A deflação, é o resultado da inflação natural ou inflação forçada versus os rendimentos, e torna se deflacionaria a inflação se o resultado dos rendimentos (a sua subida) for superior á da inflação, o rendimento disponível na sociedade, se sofrer um aumento superior ao da inflação, provoca de forma natural, a deflação do custo de vida, por conseguinte, com um rendimento disponível superior ao aumento inflacionário, a sociedade adquire, com um menor custo (menor impacto no rendimento) o mesmo que adquiria anteriormente.
Agora o problema moderno, a estagflação, este fenómeno dá-se a conhecer no período de 1930 e o descalabro económico que os EUA se viram inseridos, com a quebra (crash) das bolsas, e a dependência do mercado especulativo financeiro que vivia, os americanos provaram que viver sob especulação financeira, em detrimento de viver sob a batuta dos bens transacionáveis é mortífero.
A estagflação é o fenómeno económico, onde se verifica uma quase completa incapacidade de produção e e industrialização de bens de consumo, quer alimentares, quer industria pesada e ligeira, a lei de mercado, por natureza, regula os preços, se a oferta suplanta a procura, os preços dos produtos tendem a baixar, se a procura é superior há oferta, tendencionalmente os preços dos produtos sobem,
Agora, o problema da estagflação, ou do seu aparecimento na vida, é bastante simples de observar, e até de prever, quando a procura existe mas não existe produto, ou existe em raras ocasiões, o seu preço dispara, não é preocupante se afectar um producto ou até um conjunto de productos, mesmo incluindo alguns deles, como bens essenciais, mas o que a estagflação diz e reflete na sociedade, é a completa incapacidade de produção e industrialização, de bens transacionáveis.
Mas não só, a estagflação entra em cena também, quando os stocks de produtos necessários para a manufactura industrial se esgota, impossibilitando a producção, quando o sector primário da economia, é manifestamente insuficiente, para suprimir o consumo interno, e não existe a real possibilidade de ser adquirida externamente.
A estagflação é sinónimo da não existência de economia, não existe economia, o país ou o estado chegou ao ponto de ruptura, a inflação deixa de ter qualquer influência na vida da sociedade, simplesmente porque, não existem bens disponíveis, fomenta o aumento brutal do desemprego e a consequente redução brutal dos rendimentos disponíveis, tornando a inflação, ainda que brutal, inócua e irrelevante na sociedade, mesmo com rendimento disponível e suficiente para sobreviver, não existem bens de consumo em suficiência, tornando o dinheiro um bem superficial, sem valor.
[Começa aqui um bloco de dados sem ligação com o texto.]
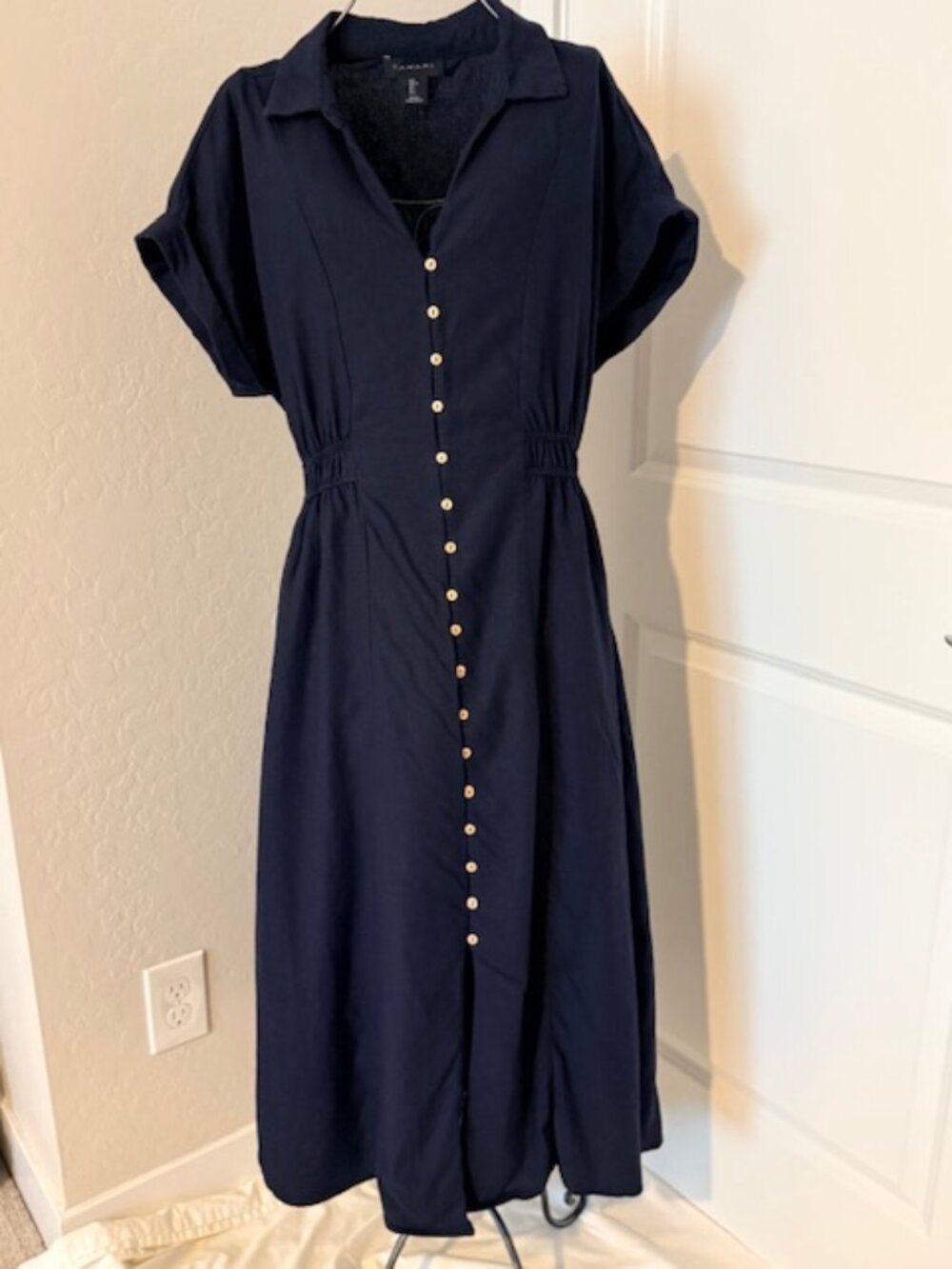 Tahari Classic Navy Blue Button-Front Midi Dress with Pockets, Size L - Picture 3 of 9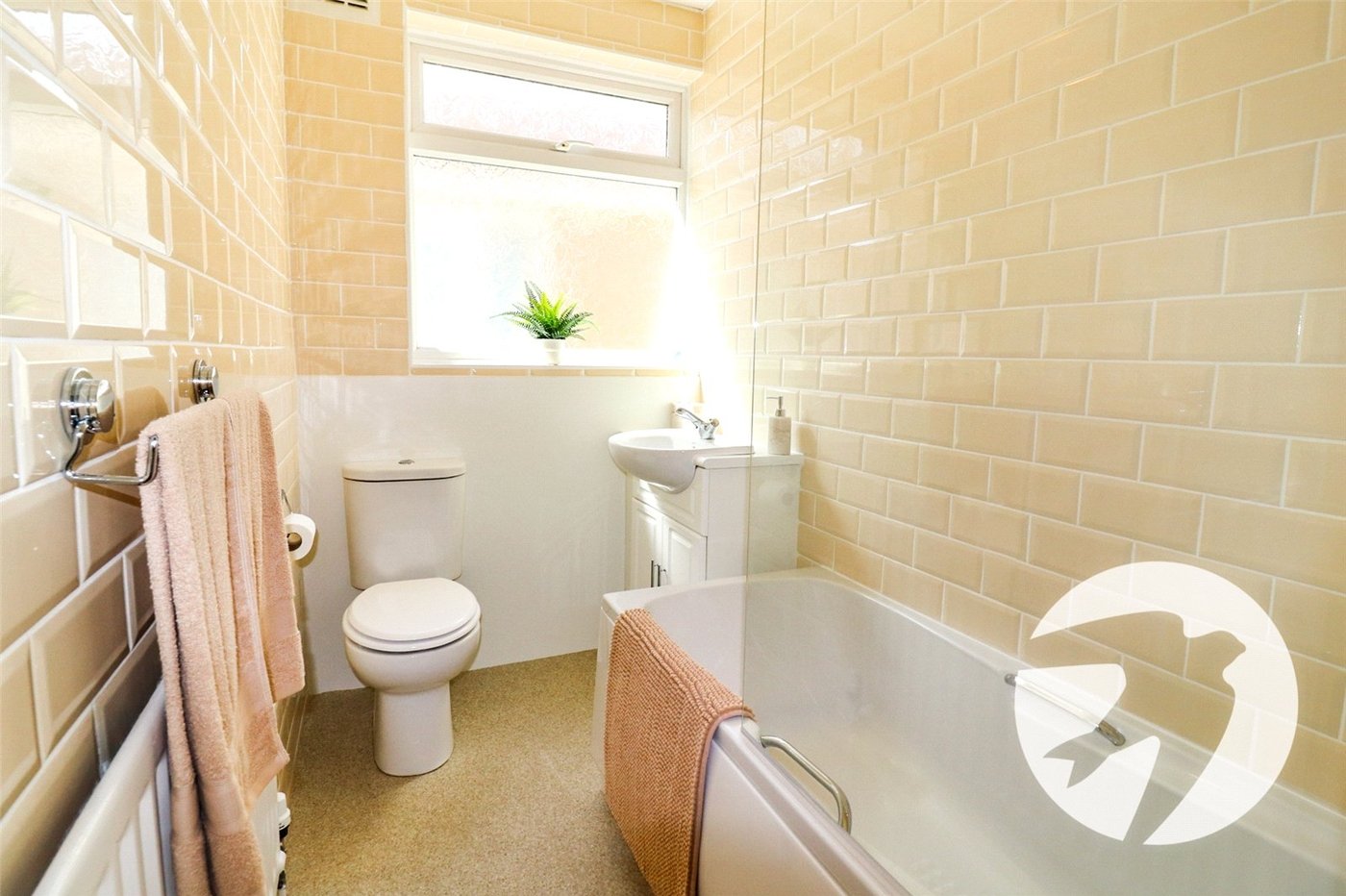 2 bedroom bungalow for sale in Bexleyheath | Robinson Jackson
A economia ocidental assenta na miscelânea económica de bens transacionáveis e bens não transacionáveis, e tanto EUA e a Europa caminham a passos largos para uma nova estagnação, desindustrializaram-se, desinvestiram nos sectores primários, especialmente a Europa, com as novas politicas que se basearam na confiança inter pares, passaram de economias baseadas na produção e industrialização, para ávidos consumidores externos, sem politicas capazes de garantir a sustentabilidade interna.
A dependência de um cidadão de um terceiro para sobreviver, termina a sobrevivência do cidadão quando o terceiro não puder satisfazer as necessidades do cidadão, esse mesmo cidadão dependente vê assim a sua sobrevivência terminada, é simples.
Por conseguinte, a inflação, nas suas diversas fases e formas, depende primeiro, da economia interna e das politicas internas, e depois das politicas externas, a inflação é uma constante da vida económica de um país, é (pode) ser simplesmente natural, a evolução da economia e do mercado, e existem uma miríade de ferramentas e formas de controlar, aumentar ou deflacionar a inflação, desde que a soberania interna esteja assegurada, um país que dependa de politicas externas, como Portugal e a relação com a UE, não têm possibilidade de uma forma interna, se regular e corrigir o fenómeno, e as medidas impostas, podem ser nefastas, difíceis e até desnecessárias, porque, a visão é larga, imperialista, e não interna e nacionalista.